Yang hilang pun bukan ingatan tentang nama. Kata yang dipakai menunjuk keseluruhan seseorang: kehendaknya, kecenderungannya, dan apa yang sebenarnya ia butuhkan. Orang yang kehilangan itu masih bisa bekerja, berbicara, dan mengurus banyak perkara, tetapi tidak lagi tahu untuk apa. Dan penutupnya memakai kata yang berakar pada keluar dari sesuatu, seperti biji yang keluar dari kulitnya, sehingga diagnosisnya menyambung rapi: orang yang lupa kepada dirinya memang orang yang tidak lagi berada di tempatnya.

Renungan dan Hikmah

  • Allah menyebut akibatnya lupa pada diri sendiri. Bukan lupa pada-Nya saja. Yang hilang pengenalan diri. Kata yang dipakai menunjuk keseluruhan seseorang: kehendaknya, kecenderungannya, dan apa yang sebenarnya ia butuhkan. Orang yang kehilangan itu masih bisa bekerja, berbicara, dan mengurus banyak perkara dengan rapi, hanya saja tidak lagi tahu untuk apa semuanya dikerjakan. Masih sanggup mengurus banyak perkara dengan rapi, hanya tak lagi tahu untuk apa. Kata yang dipakai menunjuk keseluruhan seseorang, bukan sekadar ingatan atas namanya.
  • Dua kelupaan disebut berurutan. Yang pertama pilihan. Yang kedua akibat. Kata kerja yang sama dipakai untuk keduanya dengan bentuk yang berbeda: yang pertama dikerjakan mereka, yang kedua dijadikan Allah atas mereka. Dan huruf penghubungnya menandai sesuatu yang langsung mengikuti, jadi jarak antara keduanya digambarkan sangat pendek, bukan terpisah bertahun-tahun. Huruf penghubungnya menandai sesuatu yang langsung mengikuti, bukan yang datang bertahun kemudian. Satu bahan kata dipakai untuk sebab dan akibatnya sekaligus, cuma bentuknya ditukar.
  • Larangannya berbentuk jangan menyerupai. Allah tidak melarang lupa saja. Ia melarang menjadi seperti mereka. Larangan yang menyasar keadaan tak selesai dengan satu kali menghindar; ia menuntut pemeriksaan yang berulang. Dan letaknya persis sesudah ayat yang memerintahkan setiap jiwa memeriksa apa yang sudah dikirimnya ke depan, sehingga keduanya terbaca sebagai satu perintah yang bersambung. Larangan yang menyasar keadaan menuntut pemeriksaan berulang, bukan satu kali menghindar.

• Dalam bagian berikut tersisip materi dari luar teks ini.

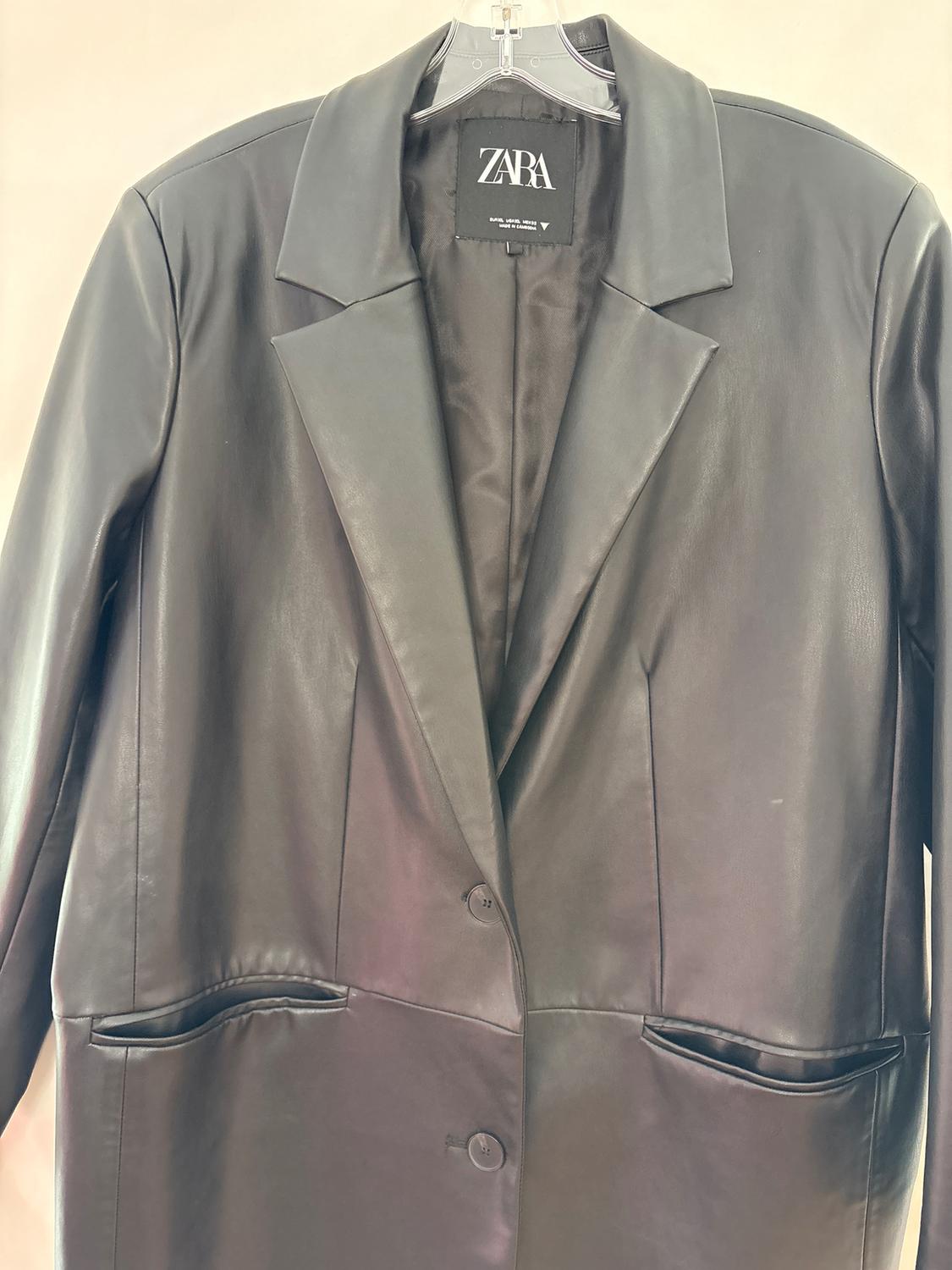 FAUX LEATHER COAT - Image 2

  • Kata kerja untuk melupakan di dalam pemakaian Al-Qur'an sering menyimpan sisi meninggalkan dengan sengaja, bukan lupa yang tak disadari. Perbedaan itu mengubah seluruh bacaan. Yang dibicarakan bukan kelalaian yang bisa dimaafkan sebagai kelemahan ingatan, melainkan sesuatu yang dipilih, dan hanya yang dipilih yang pantas dijawab dengan akibat seberat itu. Hanya yang dipilih sendiri yang pantas dijawab dengan akibat seberat itu. Yang dibicarakan bukan kelemahan ingatan yang bisa dimaklumi siapa pun.

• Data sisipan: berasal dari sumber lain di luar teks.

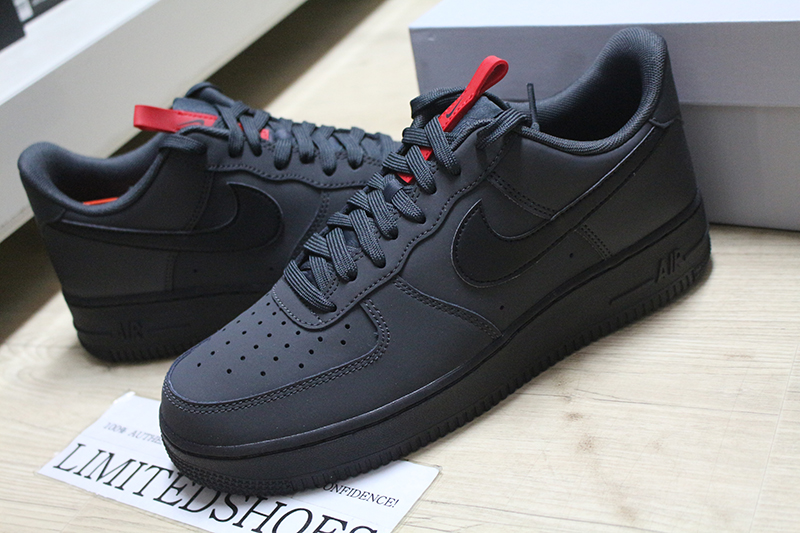 air force 1 anthracite university red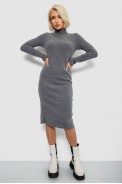 Платье повседневное утепленное, цвет темно-серый, 257R115 - фото № 1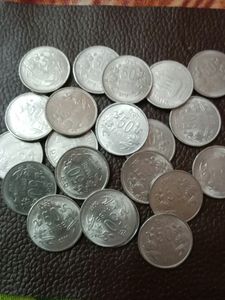 🔥 Old Issue 50 Paise Unc 20 Pcs🔥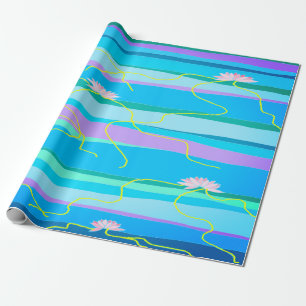 Rosa Lotus Wrapping Papprare Presentpapper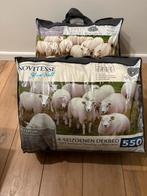 Wollen dekbed 140x220 - weinig gebruikt, Ophalen, Eenpersoons, Wit, Deken of Dekbed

  • Kata di penutupnya berakar pada keluar dari sesuatu, seperti biji yang keluar dari kulitnya. Jadi yang disebut bukan orang yang berbuat jahat secara umum, melainkan orang yang keluar dari tempatnya sendiri. Makna itu menyambung rapi ke akibat yang disebut di tengah: orang yang lupa kepada dirinya memang orang yang tak lagi berada di tempatnya, dan diagnosisnya memakai gagasan yang sama tanpa mengulang katanya. Diagnosis dan akibatnya memakai satu gagasan tanpa sekali pun mengulang katanya.
  • Bukankah aneh bahwa akibat melupakan Allah justru berupa lupa kepada diri sendiri, bukan berupa hukuman dari luar? Justru di situ beratnya. Hukuman dari luar terasa dan karena itu bisa disadari; kehilangan pengenalan diri tidak. Orang yang mengalaminya tak punya alat untuk mengetahui bahwa ia sedang mengalaminya, dan itulah sebabnya ayat ini datang sebagai peringatan, bukan sebagai kabar.